The human system is similar to the personal
computer system, with three major parts - the body (hardware), the mind
(software), and the spirit, or soul, (user).
We are spirits having a human experience!
BODY |
MIND |
SPIRIT |
Hardware |
Software |
User |
Healing |
Doctor
(physical) |
Psych.....
(mental) |
Clergy
(spiritual) |
Prevention |
Air
Water
Food
Exercise
Rest |
Air
Water
Food
Exercise
Rest |
Prayer
Meditation |
Magic |
Harmony |
Harmony/Love |
Love |
To maintain the human system it's important to
understand:
- Body specialists (doctors) help maintain
our human body.
- Mind specialists (psychologists) help
maintain our human mind.
- Spirit, or soul, specialists (priests,
ministers, rabbis, etc.) teach us how to effectively use our body and mind.
The ideal teacher is the Creator of our body and mind.
If you can understand the similarity between the
computer system and the human system, you are on your way to getting the MOST
from yourself. Let's now look at some important principles.
- As the computer operator uses the hardware
and software to have a computing experience, our spirit uses the body and
mind to have a human experience
- Our overall health depends upon a
harmonious relationship between our body, mind and spirit
- Our human system seeks harmony and ease,
not dis-ease
- We are spirits having a human experience.

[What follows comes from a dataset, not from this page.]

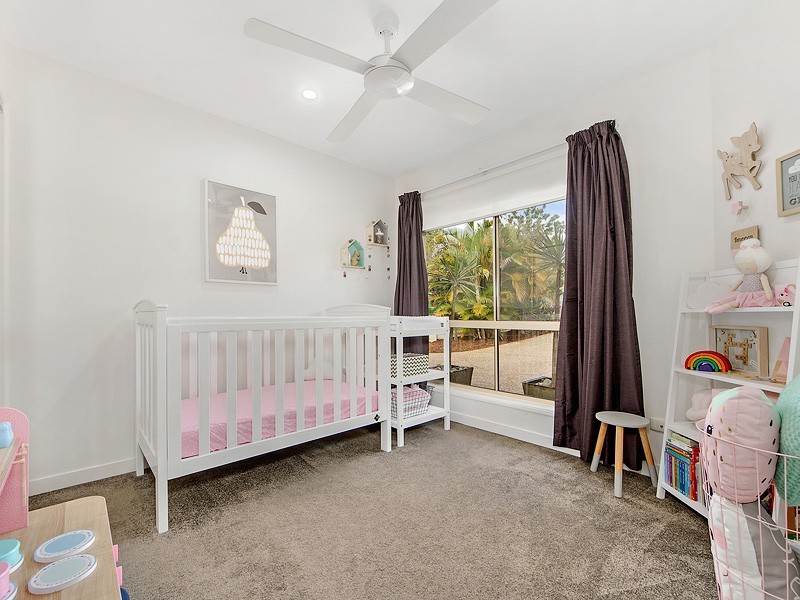 23 Asperia Street, Reedy Creek QLD 4227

Last month, we showed you how to apply the
principles of this series to have a healthy body. This month, we focus on
having a healthy mind.
In our seminars, we suggest you keep a log of
everything you do each day, for a week.
- Using a small pocket tablet, keep track of
all the things you do each day for the next seven days. Write down the
things you enjoy in the back of the tablet, and the things you do not enjoy
in the front. For example, in the back of the tablet you may write down
things like pet your cat, talk to your neighbor, hug your spouse, etc. In
the front of the tablet you may write things like traffic jams, waiting for
a plane, working with a particular coworker, etc. After a week has passed,
look carefully at both sides of the tablet. Try to expand those things in
your life that you enjoy and reprogram your mind to react differently to the
things you do not enjoy.
Let's take traffic jams as an example. If a
traffic jam is a situation in which you get angry, it is because your mind has
been programmed that traffic is something that should trigger anger. To change
that programming, you simply begin doing something different when you come upon
a traffic jam. For example, you could pop in a pleasant audio CD or cassette and
sit back and enjoy the music, or listen to a book on tape, or talk to the person
in the next car, or use the extra time to mentally plan your day, or pray, or
simply relax. There are hundreds of things you can do in a traffic jam.
The main thing to do is something other than
getting angry. Though your mind will try to trigger your anger (remember, it is
simply following its programming), you need to consciously do something
pleasantly different. After a couple of traffic jams of reprogramming, your mind
will expect to do something pleasant and traffic jams will no longer be
situations where you choose to get angry.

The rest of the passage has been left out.